Rabbit Band prepares for really big show this week
While the Atlanta Rabbit Band may be getting bigger and better, and continuing to win awards this fall, Director Keith Sanders and Middle School Director Larry Breshears aren’t sure they are ready for this this weeks’s performance.
The district may not be ready either. It’s going to a first, the directors believe.
Instead of 150 bandsmen on the field with 10 or so twirlers, there will be 350 bandsmen and more than 110 twirlers. The added numbers are from the middle school’s seventh- and eight-grade symphonic and concert bands. Then, the twirlers will include the 107 “mini-spinners” at the middle school. These are kindergarten to sixth-graders who twirl batons and flash flags under the direction of Mike McGehee.
They’ll all be on the halftime field to play at least one number together. When the two directors talk about it, they can’t keep from smiling.
“We don’t know what will happen. We think we do, but we really don’t,’’ mused Sanders regarding the coming extravaganza.
The heightened numbers will show off Atlanta schools’ far-reaching music program. At the high school, some 35 percent of its students are in the music program, whereas the state’s average is around 8 to 10 percent. At the middle school, participation is nearing 90 percent of the students.
Atlanta High is already fielding its largest marching band. Their “Olympus” show band program this season is more powerful and complicated. On the sideline’s “pit” area, the percussion instruments and players are the most ever, the directors said.

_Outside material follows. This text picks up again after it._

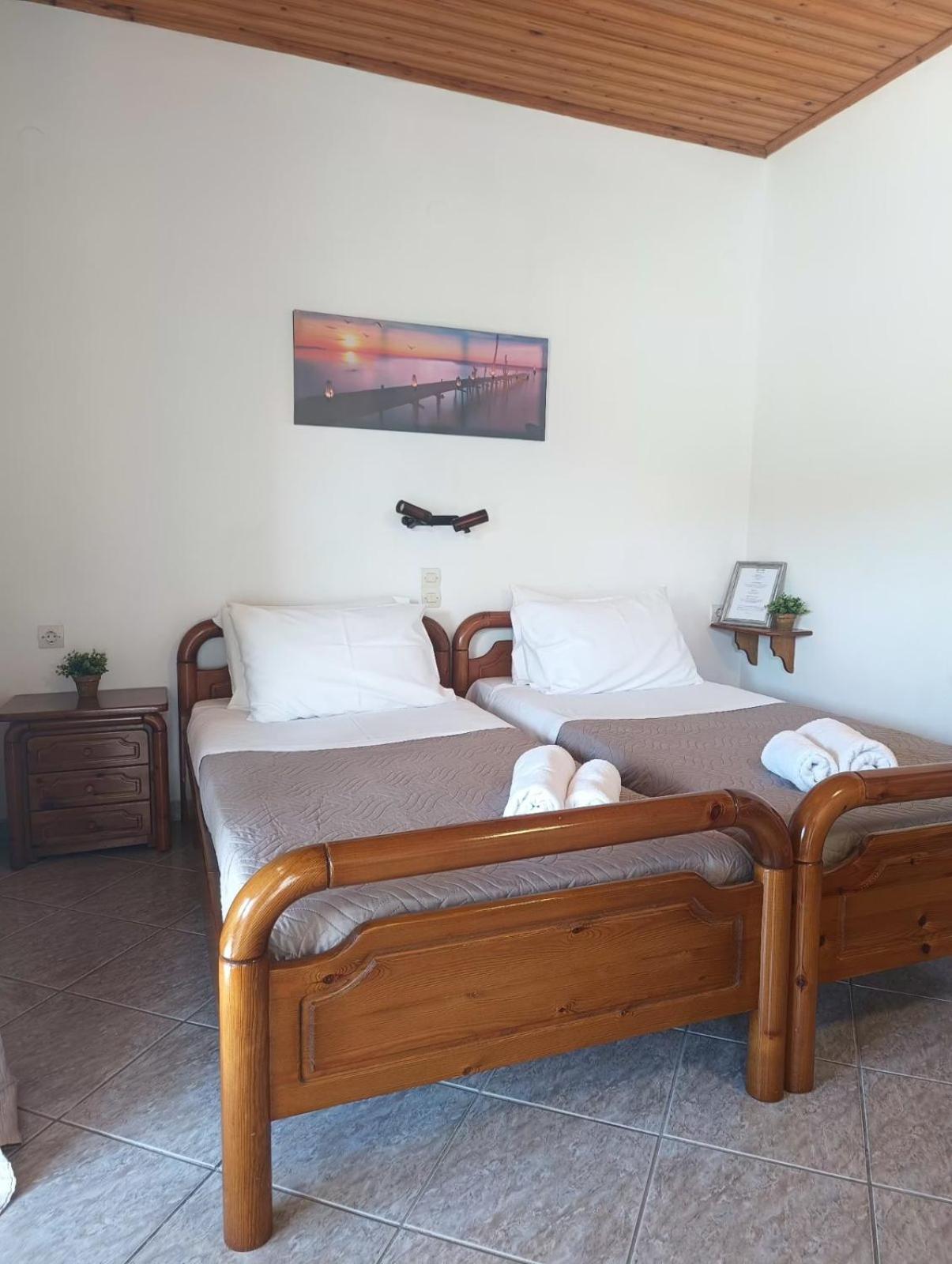 Sea Salt Apartments Poseidonion Экстерьер фото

The “Olympus” program presents quite a lot of sound and show. It recently won the Overall Outstanding Band award at the Four States Invitational Marching Contest in Texarkana. And, for the 12th straight year, the band won a superior first rating at University Interscholastic League judging in Mount Pleasant last weekend. This is as far as the marching competition will go this year because state competition is an every-other-year challenge.
And so, as the music program progresses, its directors can hardly wait for the start of a recent, voter-approved financial investment to build a new band hall.

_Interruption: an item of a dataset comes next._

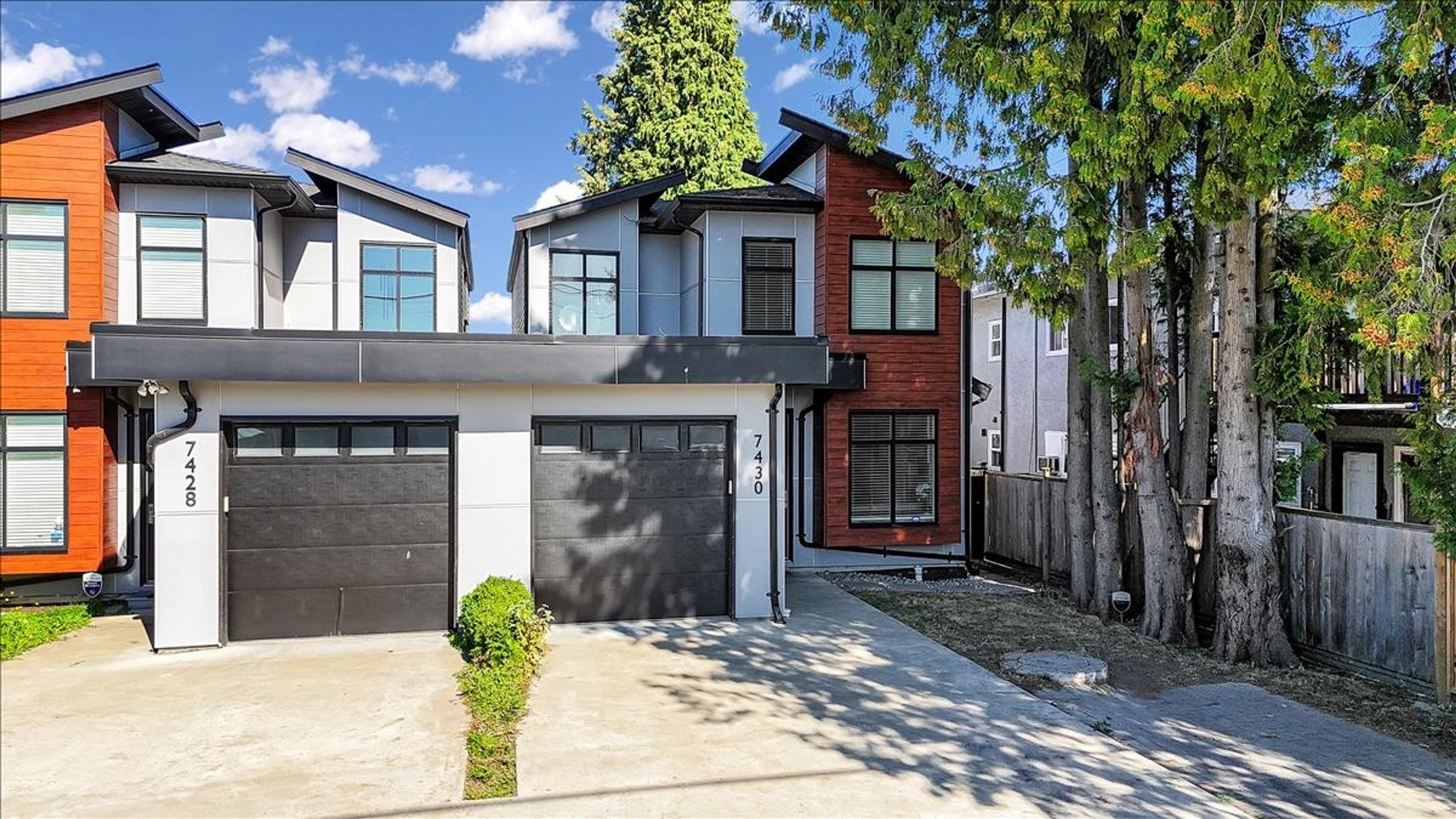 7430 Canada Way, Burnaby - Exteriors - Full Complex View - Photo 3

“We already cannot meet all together, as one group in one room, except on stage in the auditorium,” Sanders said. “A new band hall will be great.”
“We can grow more,” Breshears added, noting that while 32 seniors are graduating this year, the class at middle school has 80 musicians who will be moving up.

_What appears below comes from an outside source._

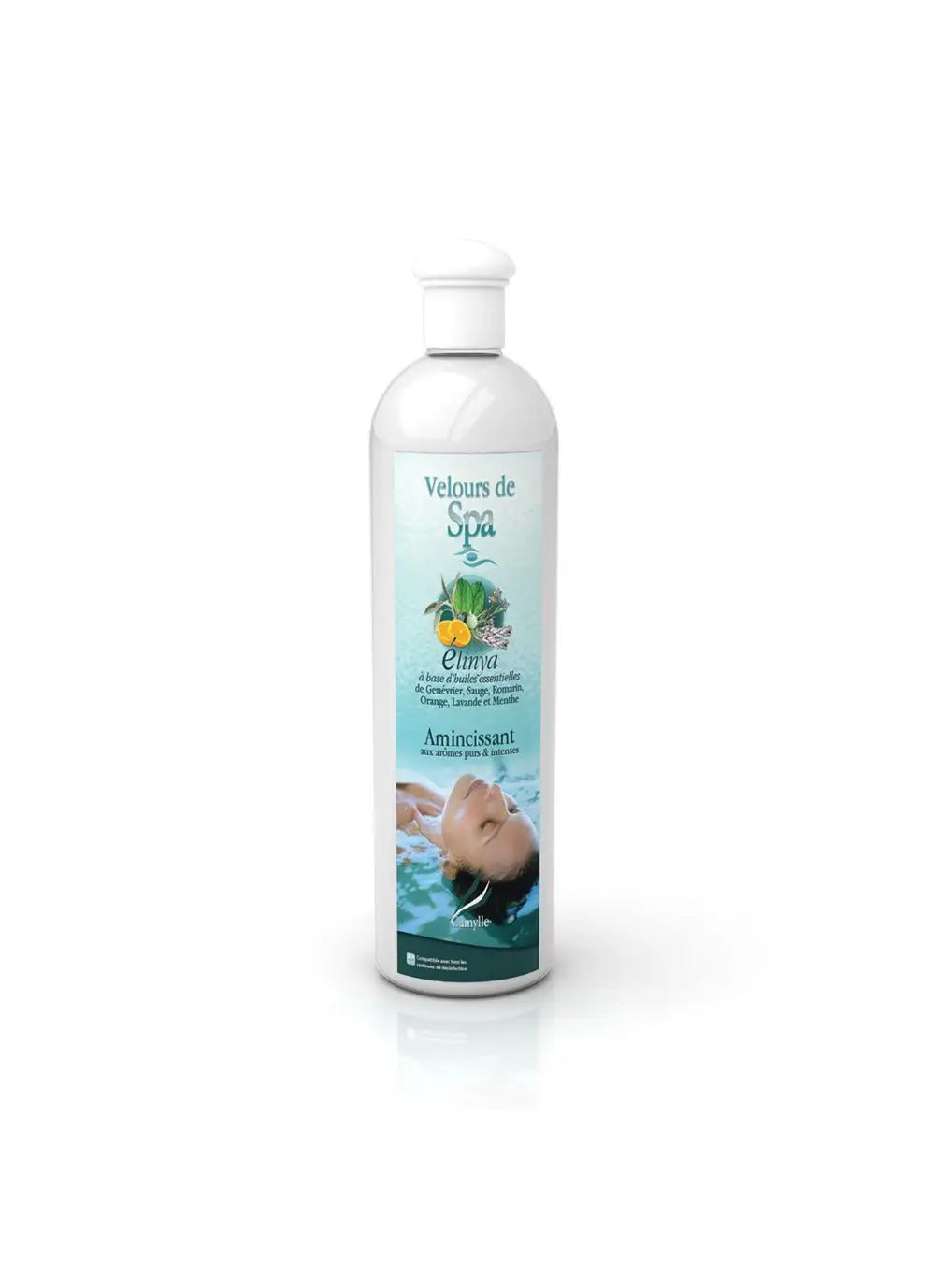 Esenta Camylle pentru SPA cu aroma de elinya 500ml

“It’s not about wanting to. It’s about meeting the need,” Breshears said.
The Rabbit music program succeeds for two main reasons, the leaders agreed.
“We expect a lot, have high standards,” Sanders said.
“And the students take a lot of pride and ownership in this, too. You see them all the time scheduling their own section practices,” Breshears said.
Then the two were out the band hall door, getting prepared to meet the band on the field for more practice.
The players will have one more significant program to perform before concluding the marching season. They will be at Lake Hamilton High School in Hot Springs, Ark., in November to participate in another marching contest.
”We will want to see what the Arkansas bands are doing,” Sanders said. “We want to be sure we are keeping up.”